Whenever a picture appears in the listing below, leave it out, and copy exactly the lines from the one containing "Preview for 10" through the end.

DATA>
####################
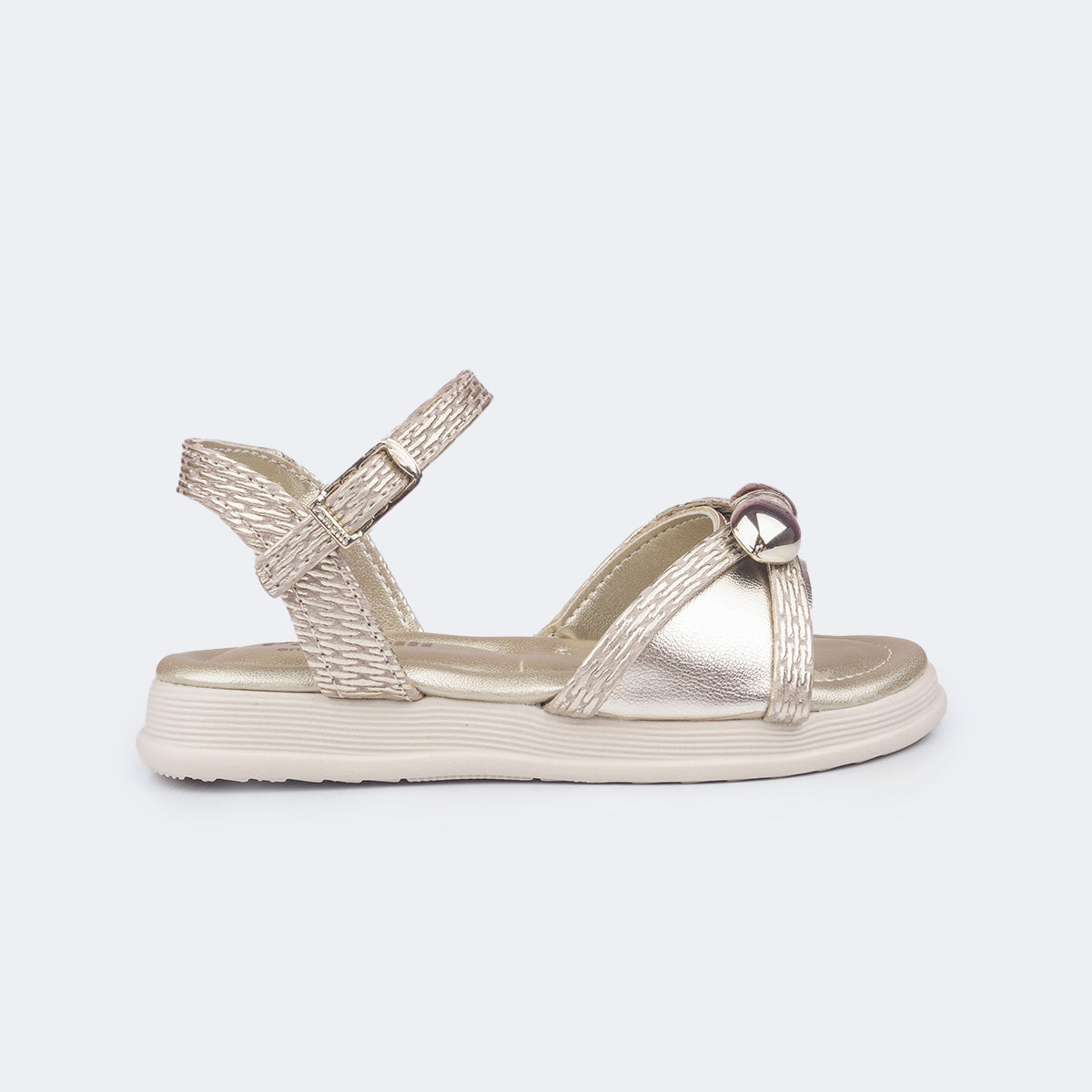 Sandália Infantil Feminina Pampili Sand Flower Tramado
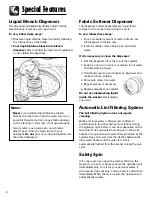 Preview for 10 page of Maytag Performa PAVT-5 Use And Care Manual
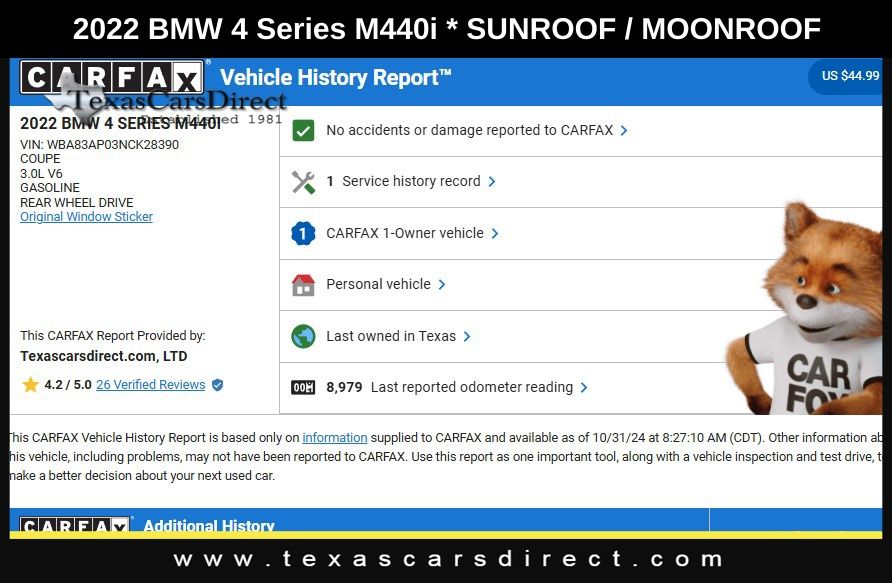 2022 BMW 4 Series M440i 10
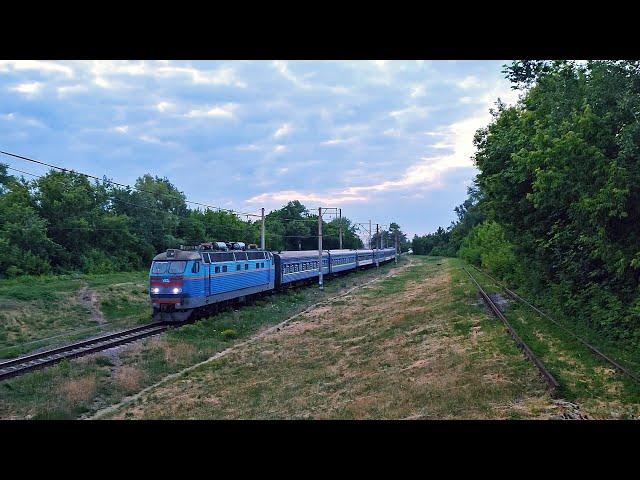 ЧС4-076 #поїзд № 258 Чернігів - Івано-Франківськ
####################
COMPLETED EXERCISE>
 Preview for 10 page of Maytag Performa PAVT-5 Use And Care Manual
 2022 BMW 4 Series M440i 10
 ЧС4-076 #поїзд № 258 Чернігів - Івано-Франківськ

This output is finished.